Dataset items
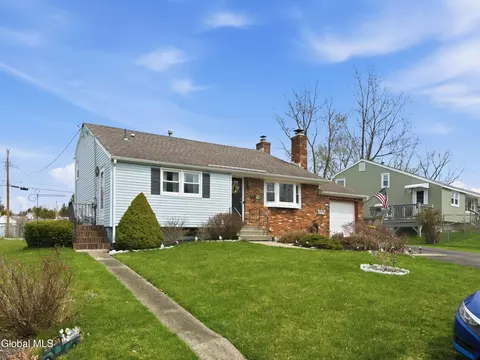 18 Harold Ave, Latham, NY 12110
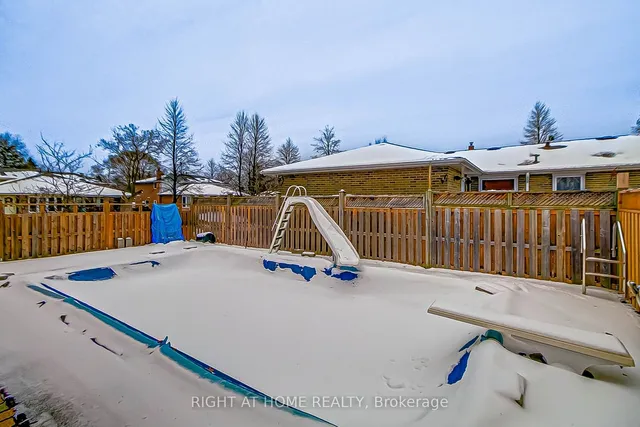 Additional image 21 of 130 Cultra Sq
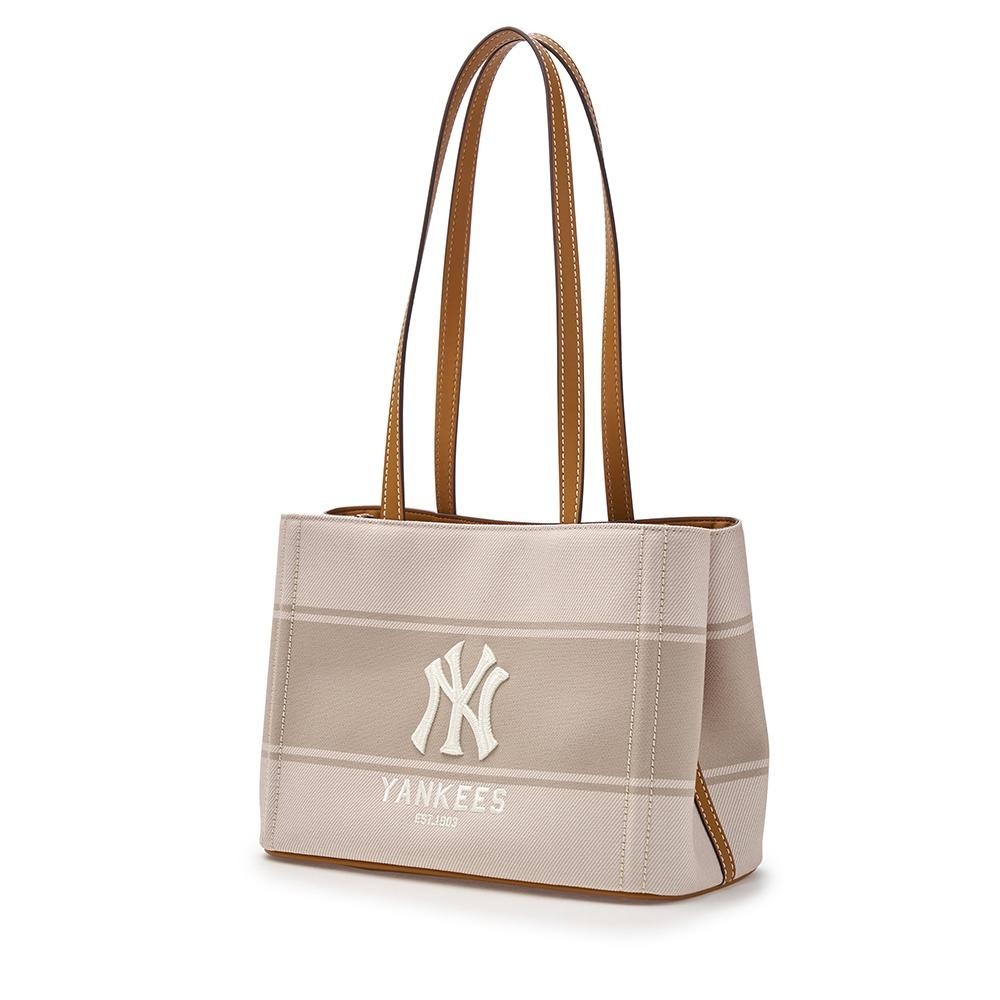 MLB กระเป๋าสะพายไหล่ ยูนิเซ็กส์ Unisex Varsity Lettering Logo Canvas Shoulder Bag รุ่น 3ABQB015N 50CRS สีครีม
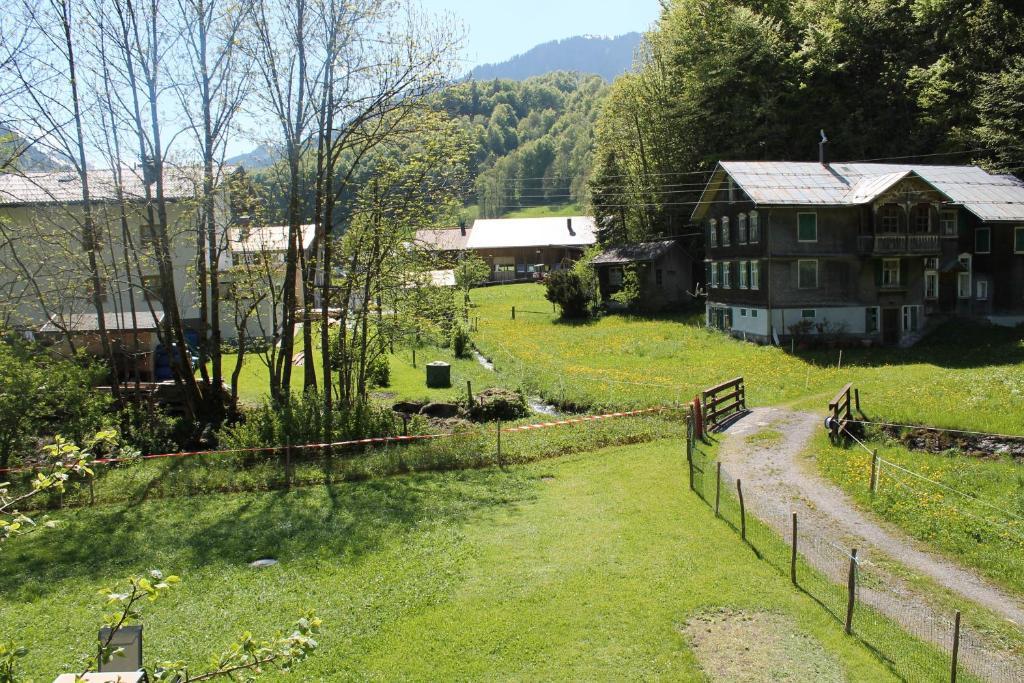 Au (Vorarlberg) Ferienwohnungen Sutter מראה חיצוני תמונה
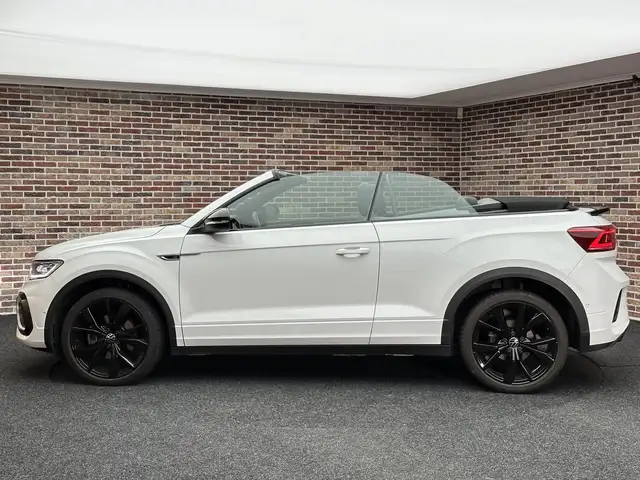 Volkswagen T-Roc view 6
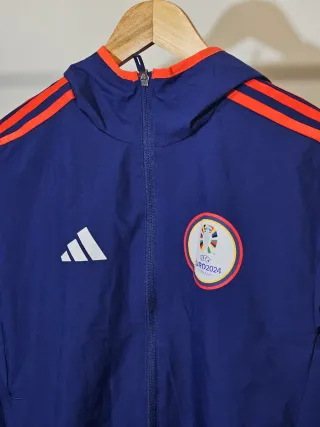 Chaqueta deportiva euro 2024 adidas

Task instructions >> Leave out every picture and transcribe the remaining entries exactly.

Exercise response >>
 18 Harold Ave, Latham, NY 12110
 Additional image 21 of 130 Cultra Sq
 MLB กระเป๋าสะพายไหล่ ยูนิเซ็กส์ Unisex Varsity Lettering Logo Canvas Shoulder Bag รุ่น 3ABQB015N 50CRS สีครีม
 Au (Vorarlberg) Ferienwohnungen Sutter מראה חיצוני תמונה
 Volkswagen T-Roc view 6
 Chaqueta deportiva euro 2024 adidas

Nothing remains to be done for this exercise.